6. Concluding Remarks
This paper deals with the empirical failure of the expectations hypothesis; we suggest that single-
equation models might be inappropriate to analyse the expectations theory. We thus provide
evidence to support the view that non linear models, threshold models in particular, are useful to
examine the informative content of the term structure of interest rates. Economists have provided
evidence suggesting that time-varying term premia may be responsible of the weak empirical
support for the expectation hypothesis. In the expectations equation the term premia effect is
captured partially by the residual component and partially by the intercept of the model. A shift in
the intercept generates a bias in the estimation of the slope coefficient thus affecting the
effectiveness of linear model to test the EH.
We propose a multiple regime framework to analyse the predictive power of the yield spread.

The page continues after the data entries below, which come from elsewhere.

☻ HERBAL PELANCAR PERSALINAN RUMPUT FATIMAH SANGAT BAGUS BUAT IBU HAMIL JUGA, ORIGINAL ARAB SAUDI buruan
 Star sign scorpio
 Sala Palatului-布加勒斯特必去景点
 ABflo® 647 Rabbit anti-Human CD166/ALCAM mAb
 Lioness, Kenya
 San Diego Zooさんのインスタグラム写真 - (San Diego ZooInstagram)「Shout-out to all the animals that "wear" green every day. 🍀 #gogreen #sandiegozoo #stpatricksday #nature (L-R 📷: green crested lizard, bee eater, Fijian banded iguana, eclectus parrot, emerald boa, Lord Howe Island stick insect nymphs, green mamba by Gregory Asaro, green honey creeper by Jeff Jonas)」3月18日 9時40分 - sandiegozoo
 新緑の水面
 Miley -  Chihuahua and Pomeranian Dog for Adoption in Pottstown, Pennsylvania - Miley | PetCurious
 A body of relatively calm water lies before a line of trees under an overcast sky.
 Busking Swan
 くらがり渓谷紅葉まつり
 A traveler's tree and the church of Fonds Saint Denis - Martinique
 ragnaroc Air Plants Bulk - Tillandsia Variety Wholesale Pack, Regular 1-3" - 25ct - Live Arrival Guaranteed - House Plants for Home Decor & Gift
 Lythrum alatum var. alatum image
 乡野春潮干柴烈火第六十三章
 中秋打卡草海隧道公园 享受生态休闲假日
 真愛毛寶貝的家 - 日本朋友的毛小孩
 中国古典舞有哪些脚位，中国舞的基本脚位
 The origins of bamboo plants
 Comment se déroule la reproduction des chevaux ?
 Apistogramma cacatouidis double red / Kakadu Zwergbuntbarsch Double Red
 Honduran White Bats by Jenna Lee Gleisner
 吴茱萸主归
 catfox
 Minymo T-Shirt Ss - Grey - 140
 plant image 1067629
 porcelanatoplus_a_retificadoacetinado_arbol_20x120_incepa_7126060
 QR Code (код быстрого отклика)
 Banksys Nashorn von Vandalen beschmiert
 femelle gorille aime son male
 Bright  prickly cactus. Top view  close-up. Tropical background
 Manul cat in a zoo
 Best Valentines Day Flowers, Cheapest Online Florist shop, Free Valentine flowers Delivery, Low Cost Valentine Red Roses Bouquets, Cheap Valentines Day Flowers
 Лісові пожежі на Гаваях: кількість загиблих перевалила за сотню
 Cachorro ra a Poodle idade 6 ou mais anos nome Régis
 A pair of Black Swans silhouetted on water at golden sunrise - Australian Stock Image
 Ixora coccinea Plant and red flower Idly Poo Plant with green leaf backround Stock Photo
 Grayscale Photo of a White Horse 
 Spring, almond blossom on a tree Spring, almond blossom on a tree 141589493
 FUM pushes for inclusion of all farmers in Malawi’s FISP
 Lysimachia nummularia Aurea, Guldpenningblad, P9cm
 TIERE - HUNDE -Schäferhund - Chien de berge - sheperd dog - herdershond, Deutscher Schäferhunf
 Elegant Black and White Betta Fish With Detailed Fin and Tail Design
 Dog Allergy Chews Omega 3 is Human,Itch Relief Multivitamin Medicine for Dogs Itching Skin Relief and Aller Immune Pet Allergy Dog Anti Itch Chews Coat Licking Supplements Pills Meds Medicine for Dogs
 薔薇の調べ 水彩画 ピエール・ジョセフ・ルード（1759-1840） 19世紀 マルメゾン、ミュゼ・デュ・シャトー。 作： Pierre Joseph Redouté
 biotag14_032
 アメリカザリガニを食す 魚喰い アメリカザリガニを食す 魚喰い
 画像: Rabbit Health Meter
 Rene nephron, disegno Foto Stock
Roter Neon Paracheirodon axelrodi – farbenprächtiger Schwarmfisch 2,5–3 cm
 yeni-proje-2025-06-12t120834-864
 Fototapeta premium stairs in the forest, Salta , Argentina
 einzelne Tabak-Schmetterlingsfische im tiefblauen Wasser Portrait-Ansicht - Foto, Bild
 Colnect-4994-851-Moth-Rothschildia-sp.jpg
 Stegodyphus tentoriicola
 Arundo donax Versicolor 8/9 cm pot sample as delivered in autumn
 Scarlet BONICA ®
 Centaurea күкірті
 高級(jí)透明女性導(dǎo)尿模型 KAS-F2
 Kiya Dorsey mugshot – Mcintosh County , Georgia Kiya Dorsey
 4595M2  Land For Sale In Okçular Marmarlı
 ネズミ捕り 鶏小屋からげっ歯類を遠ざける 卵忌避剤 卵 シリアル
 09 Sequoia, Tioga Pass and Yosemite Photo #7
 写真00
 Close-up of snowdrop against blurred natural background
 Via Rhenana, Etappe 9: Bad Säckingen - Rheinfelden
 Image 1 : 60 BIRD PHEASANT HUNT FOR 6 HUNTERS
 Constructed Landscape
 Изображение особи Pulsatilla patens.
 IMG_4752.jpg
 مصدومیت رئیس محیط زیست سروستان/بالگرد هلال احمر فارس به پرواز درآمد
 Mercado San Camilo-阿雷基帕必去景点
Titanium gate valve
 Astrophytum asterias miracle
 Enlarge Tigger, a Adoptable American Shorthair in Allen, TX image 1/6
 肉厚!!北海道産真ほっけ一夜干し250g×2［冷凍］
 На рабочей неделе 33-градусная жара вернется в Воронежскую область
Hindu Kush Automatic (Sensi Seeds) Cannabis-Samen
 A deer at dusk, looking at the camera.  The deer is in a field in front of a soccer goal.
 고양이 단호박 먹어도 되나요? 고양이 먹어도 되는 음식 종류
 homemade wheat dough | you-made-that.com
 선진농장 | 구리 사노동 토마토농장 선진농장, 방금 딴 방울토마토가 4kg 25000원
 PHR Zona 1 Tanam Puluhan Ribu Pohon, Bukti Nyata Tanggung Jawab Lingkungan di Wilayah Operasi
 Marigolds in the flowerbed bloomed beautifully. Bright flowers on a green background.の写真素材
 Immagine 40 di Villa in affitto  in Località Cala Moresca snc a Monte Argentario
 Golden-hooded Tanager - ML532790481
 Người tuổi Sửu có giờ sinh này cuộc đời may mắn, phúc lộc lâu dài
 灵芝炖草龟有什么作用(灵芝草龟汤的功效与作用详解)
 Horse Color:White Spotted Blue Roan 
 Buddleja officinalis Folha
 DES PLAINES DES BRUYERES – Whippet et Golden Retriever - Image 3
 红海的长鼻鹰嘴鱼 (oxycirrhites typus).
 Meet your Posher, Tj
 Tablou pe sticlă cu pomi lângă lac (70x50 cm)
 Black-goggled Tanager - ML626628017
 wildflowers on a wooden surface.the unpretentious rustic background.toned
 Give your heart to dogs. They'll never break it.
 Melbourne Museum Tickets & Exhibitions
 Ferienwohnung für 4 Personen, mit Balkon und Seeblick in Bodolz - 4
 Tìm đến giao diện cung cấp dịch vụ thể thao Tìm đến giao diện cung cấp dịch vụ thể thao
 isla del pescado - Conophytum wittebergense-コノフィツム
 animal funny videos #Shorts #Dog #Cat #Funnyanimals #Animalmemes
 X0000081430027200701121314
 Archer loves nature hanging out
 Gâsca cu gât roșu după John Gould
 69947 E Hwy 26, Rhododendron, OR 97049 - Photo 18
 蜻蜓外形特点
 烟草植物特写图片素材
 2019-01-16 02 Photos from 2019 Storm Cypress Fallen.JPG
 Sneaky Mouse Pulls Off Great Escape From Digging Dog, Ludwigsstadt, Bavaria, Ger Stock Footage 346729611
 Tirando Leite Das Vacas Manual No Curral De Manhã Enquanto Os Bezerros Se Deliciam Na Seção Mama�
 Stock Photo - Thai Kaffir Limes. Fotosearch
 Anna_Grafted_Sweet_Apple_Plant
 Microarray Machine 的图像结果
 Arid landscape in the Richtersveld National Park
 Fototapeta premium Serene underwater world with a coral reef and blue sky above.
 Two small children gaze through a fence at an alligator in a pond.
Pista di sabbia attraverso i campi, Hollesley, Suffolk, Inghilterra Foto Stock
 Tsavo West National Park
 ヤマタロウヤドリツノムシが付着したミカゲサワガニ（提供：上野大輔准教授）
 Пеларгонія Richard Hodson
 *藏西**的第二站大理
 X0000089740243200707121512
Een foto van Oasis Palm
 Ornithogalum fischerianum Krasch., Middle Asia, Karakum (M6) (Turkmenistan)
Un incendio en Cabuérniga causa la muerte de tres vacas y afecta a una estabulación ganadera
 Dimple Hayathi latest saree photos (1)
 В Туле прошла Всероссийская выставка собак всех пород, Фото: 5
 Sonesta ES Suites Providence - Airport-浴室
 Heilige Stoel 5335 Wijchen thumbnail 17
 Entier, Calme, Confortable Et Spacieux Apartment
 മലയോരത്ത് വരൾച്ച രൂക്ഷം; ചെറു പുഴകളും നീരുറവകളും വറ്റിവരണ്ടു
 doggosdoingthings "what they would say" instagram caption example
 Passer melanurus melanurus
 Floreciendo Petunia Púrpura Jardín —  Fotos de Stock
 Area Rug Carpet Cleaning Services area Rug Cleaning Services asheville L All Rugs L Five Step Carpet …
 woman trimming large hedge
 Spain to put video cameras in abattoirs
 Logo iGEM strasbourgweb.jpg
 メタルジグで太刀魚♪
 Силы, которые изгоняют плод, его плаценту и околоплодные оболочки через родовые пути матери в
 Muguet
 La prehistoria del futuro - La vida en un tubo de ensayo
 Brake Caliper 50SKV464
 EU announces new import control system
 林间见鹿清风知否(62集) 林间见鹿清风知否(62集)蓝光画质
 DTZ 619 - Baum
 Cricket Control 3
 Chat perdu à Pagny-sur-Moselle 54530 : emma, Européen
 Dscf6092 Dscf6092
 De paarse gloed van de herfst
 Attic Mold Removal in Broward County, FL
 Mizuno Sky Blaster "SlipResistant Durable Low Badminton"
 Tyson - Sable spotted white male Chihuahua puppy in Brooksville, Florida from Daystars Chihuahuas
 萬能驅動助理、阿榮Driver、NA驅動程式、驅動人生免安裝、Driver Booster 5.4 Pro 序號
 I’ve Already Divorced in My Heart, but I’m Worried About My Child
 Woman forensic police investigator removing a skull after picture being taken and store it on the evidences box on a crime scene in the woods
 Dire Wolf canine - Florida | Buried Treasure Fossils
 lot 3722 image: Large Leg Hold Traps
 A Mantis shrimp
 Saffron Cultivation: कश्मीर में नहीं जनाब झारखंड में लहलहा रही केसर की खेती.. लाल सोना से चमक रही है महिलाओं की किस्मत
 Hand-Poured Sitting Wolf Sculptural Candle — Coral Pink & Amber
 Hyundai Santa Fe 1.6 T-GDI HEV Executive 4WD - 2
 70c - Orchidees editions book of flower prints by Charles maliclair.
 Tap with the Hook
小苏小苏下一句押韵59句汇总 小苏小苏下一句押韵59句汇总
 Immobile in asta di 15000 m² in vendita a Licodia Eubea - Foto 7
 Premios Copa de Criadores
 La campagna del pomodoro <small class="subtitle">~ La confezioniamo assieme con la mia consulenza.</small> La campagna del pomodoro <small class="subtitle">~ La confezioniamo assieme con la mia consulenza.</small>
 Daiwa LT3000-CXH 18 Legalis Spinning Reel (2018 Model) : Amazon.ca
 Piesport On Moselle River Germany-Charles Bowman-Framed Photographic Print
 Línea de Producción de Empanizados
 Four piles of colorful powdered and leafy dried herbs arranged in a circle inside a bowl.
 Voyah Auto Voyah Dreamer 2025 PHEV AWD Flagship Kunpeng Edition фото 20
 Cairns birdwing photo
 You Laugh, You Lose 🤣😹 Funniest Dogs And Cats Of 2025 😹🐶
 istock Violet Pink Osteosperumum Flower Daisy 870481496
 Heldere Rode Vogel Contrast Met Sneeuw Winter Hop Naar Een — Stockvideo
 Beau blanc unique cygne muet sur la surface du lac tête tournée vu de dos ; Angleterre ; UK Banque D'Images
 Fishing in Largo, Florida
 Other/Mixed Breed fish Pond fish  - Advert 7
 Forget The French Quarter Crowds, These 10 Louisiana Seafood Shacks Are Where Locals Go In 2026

Regimes are assumed to be a function of term premia, which provide with a measure of both the
unexpected stance of monetary policy and agents’ attitude towards risk. We thus suggest that the
expectations model may well be informative in a framework that exploits the countercyclical
behaviour of term premia. We extend previous works by Campbell and Shiller (1991) providing
evidence that the predictive ability of the yield spread is contingent to the level of uncertainty that
reigns in the economy. Results suggest that the informative content of the slope of the term
structure increase substantially once the risk-averse attitude of economic agents is taken into
account. Our results do suggest the presence of important asymmetric effects also in the prediction
of future short term interest rates.